Вокруг этой более точной оппозиции строит свою типологию Отто Данн, в «Истории нации и национализма в Германии»: «В старых европейских государствах можно выделить два этапа становления нации как политического образования, а вместе с тем и две основные формы нации: сословную и современную гражданскую нацию» (10).
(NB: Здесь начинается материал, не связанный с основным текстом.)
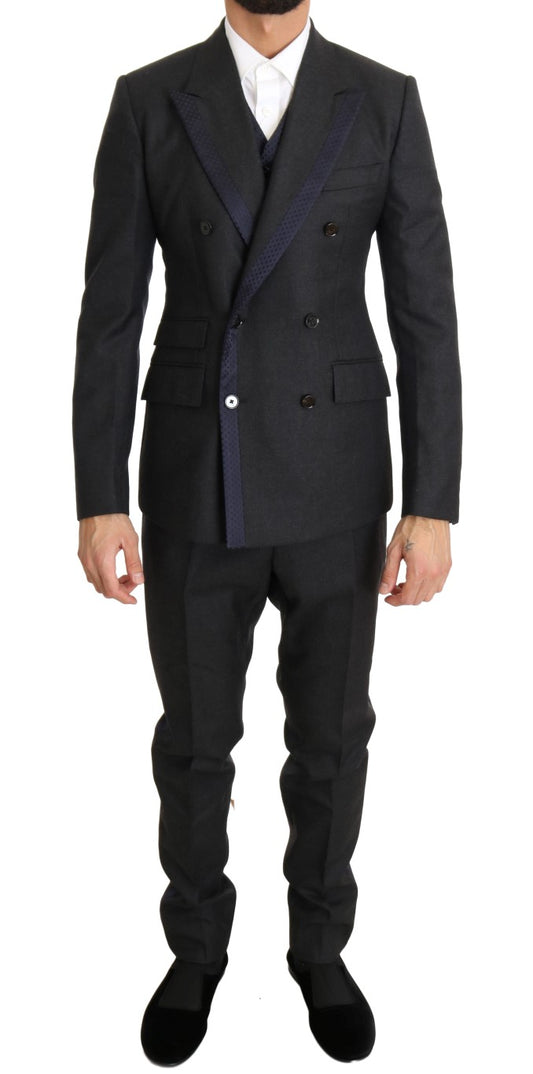 Dolce &amp; Gabbana Elegant Gray Dotted 3-Piece Suit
Под сословной нацией подразумевается система представительства и исключительных прав господствующих сословий (так, в Речи Посполитой или германских княжествах «нация» – это именно «дворянская нация»). В противовес этому привилегированному патриотизму, «на протяжении XVIII века появилась новая концепция патриотизма, возникшая среди тех групп населения, которые не пользовались привилегиями, но в то же время считали себя частью нации: это была новая экономическая буржуазия, чиновничество, но прежде всего интеллигенция». Проповедуемая ими нация подразумевает новую форму членства – индивидуального, прямого, а не через сословия или иные подгруппы. И новую форму лояльности, за образец которой был взят «патриотизм городов-республик древнего мира» (35), вопреки феодальной этике, для которой защита отечества оставалась формой защиты коллективной земельной собственности (и, соответственно, была прерогативой лишь тех, кто имеет в ней традиционную законную долю, т.е. феодалов).
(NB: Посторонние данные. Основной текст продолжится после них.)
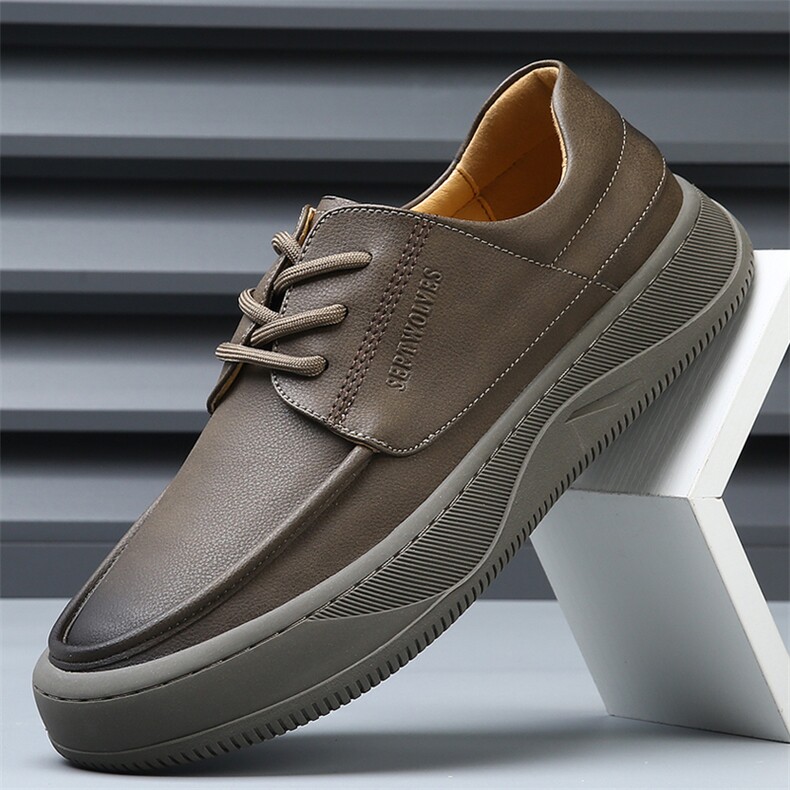 X4256-145秋季新款男鞋透气百搭厚底时尚休闲皮鞋男，男鞋皮鞋，星座1407-3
Эта новая форма лояльности заметно увеличивала мобилизационный потенциал старых государств, но была воспринята их верхушкой как протореволюционное посягательство. Хобсбаум, рассуждая о новизне национализма, упоминает о негодовании Фридриха Великого по поводу намерения жителей Берлина участвовать в защите города от русских войск и приводит характерную фразу другого монарха о новоявленных патриотах: «сегодня они защищают отечество за меня, а завтра – против меня».
Эта фраза как нельзя лучше выражает те условия, при которых этническое чувство, обостренное совместной борьбой против «чужаков», становится платформой для гражданского чувства, нетерпимого уже не только к посягательствам извне, но и к внутренней узурпации.
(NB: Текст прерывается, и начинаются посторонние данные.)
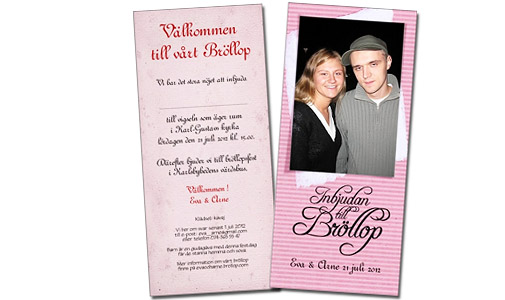 Inbjudan till br�llop. Eva och Arne 21 juli 2012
О другой стороне этой взаимосвязи уже шла речь выше, когда мы говорили о том, что именно культурно-лингвистическое понятие нации стало оружием «новых образованных слоев» перед лицом аристократии германских княжеств. И этот конфликт был не только конфликтом двух принципов лояльности (принадлежность к трансграничной «культурной нации» против «международно признанной» таксономии ленных прав), но конфликтом двух концепций личностного достоинства. Принадлежность к культуре и ее наследование стали для незнатных образованных горожан своего рода субститутом дворянства. Т.е., потенциально, формой всеобщего дворянства, каковой и является, в своей идее[9], гражданская общность.
Таким образом, обретенное благодаря выдающимся представителям национальной интеллигенции (создателям литературной версии национального языка, собирателям национального эпоса, авторам знаковых литературных текстов) культурное самосознание становится основой для индивидуального гражданского достоинства.
Понимание того, что гражданская нация утверждается как отрицание сословного порядка и выполняет эту роль не вопреки своему этническому качеству, а благодаря ему, позволяет поставить это понятие на адекватное ему место – исторически, теоретически, идеологически.
«Гражданская нация» – это измерение современной нации как таковой, которое ответственно за определение индивидуального статуса ее членов. В нем закрепляется все то, что подразумевает гражданство: прямое членство, соучастие в суверенитете, равные базовые права.
Противоречит ли этот высокий индивидуальный статус критериям этнической общности?
Если и противоречит, то лишь ее архаическим формам, в которых сильно выражены родоплеменные структуры (индивид принадлежит к этносу не напрямую, а через соответствующее «подразделение»), иерархии «родовидости» (создающие «ранговые» различия между людьми), локальные различия (усугубляющие внутренние границы). И, напротив, отсутствует или недостаточно сильна самостоятельно развитая письменная культура, которая позволила бы нивелировать эти различия и подготовить почву для современной правовой и политической культуры.
Однако нет никаких оснований для того, чтобы отождествлять этническую общность как таковую с ее архаическими формами.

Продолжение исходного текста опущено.